Monday, Aug. 06, 1923

"It Ill Becomes-- "

"It Ill Becomes--"

President Harding's foreign policy, often the target of political tongues, has seldom been more vigorously excoriated than it was by Henry Morgenthau, former United

States Ambassador to the Sublime Porte. Yet Mr. Morgenthau's speech was not aimed at the Administration directly and was not delivered to a political body; he spoke at the opening session of the Williamstown Institute of Politics.

That body assembled for its third annual session of four weeks. President Harry A. Garfield of Williams College opened the Institute. As he pointed out, it is an educational institution, whose members come representing neither governments nor institutions, but as individuals. They have no unifying faith or program; they have no power to enact laws; they do not try to record their opinions by votes or resolutions. They come to hear and take part in discussions of international affairs. For this purpose " round tables " are held where discussion is carried on under leaders in the mornings. There are, besides, regular lectures later in the day. Among the speakers this year are Boris A. Bakhmetev, who was Russian Ambassador to Washington under the Kerensky regime; Count Harry Kessler, former German Ambassador to Poland; Sir Edward Grigg, from England; Canon Ernest Dinmet, from Paris; Viscount Bir-former Lord Chancellor of England; General Tasker H. Bliss; Dr. Estanislas Severo Zeballos, former Argentine Minister of Foreign Affairs.

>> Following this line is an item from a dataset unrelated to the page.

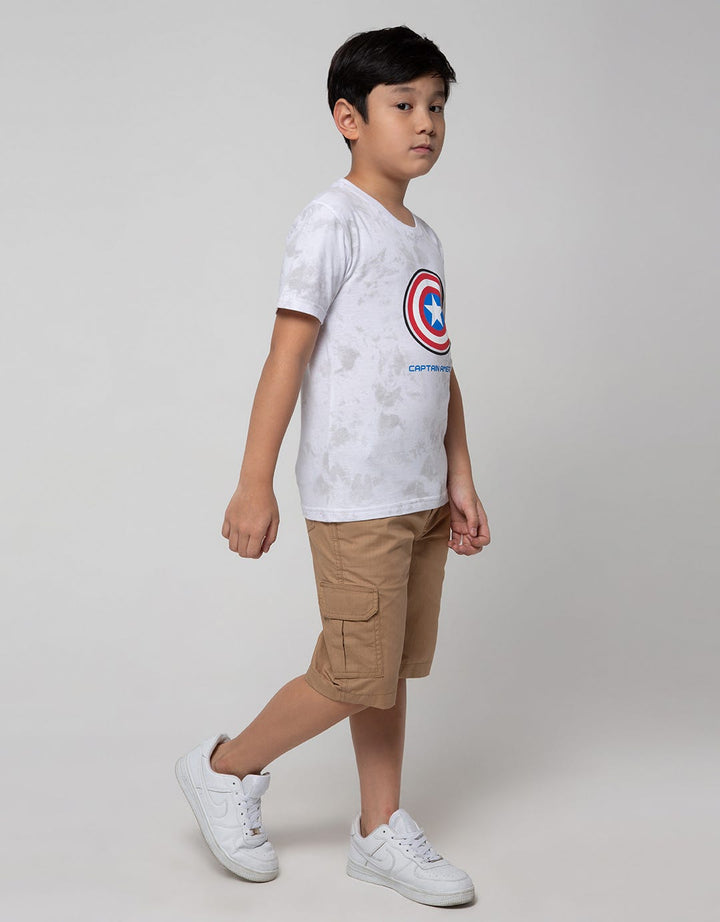 Marvel Avenger Logo Captain Middle Short Sleeve T-Shirt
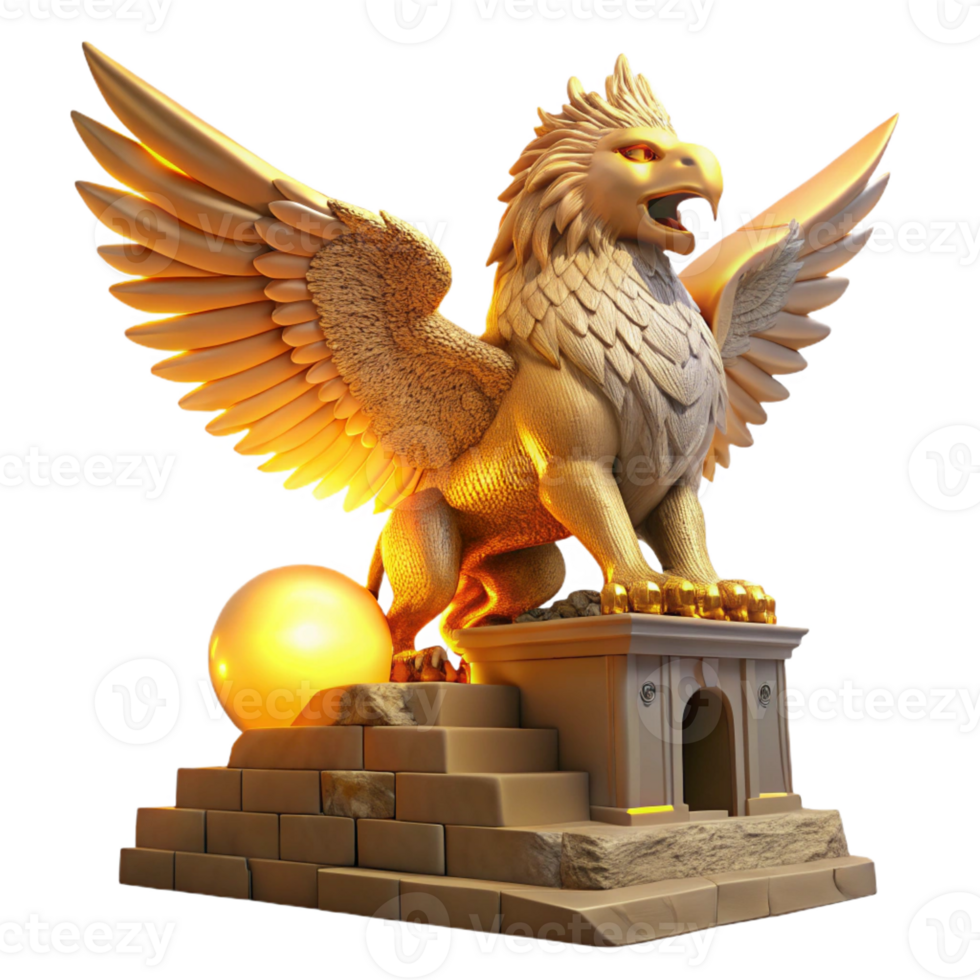 extraordinary classic A Majestic Griffin Perched Atop a Crumblin premium png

To this gathering Mr. Morgenthau addressed his remarks on the subject of The Lausanne Treaty:

" It was not so much the strength of the Turks as the weakness of the Allies that influenced the course of events. The United States did send two observers, but observers do not influence the Turks. It takes force or a show of force to do so. ... Lord Curzon had to assent to Ismet's statement that the Armenian question was ended by the destruction of the Armenians, and the greatest crime of history was condoned. . . . But as long as the United States persists in its course of isolation ... it ill becomes us to criticize the other Powers. . . . Why had our help to be withheld at Lausanne? Will we be responsible in the future if the Turk's successful defiance, owing partly to our inactivity, encourages other countries to treat treaties of peace as mere scraps of paper?"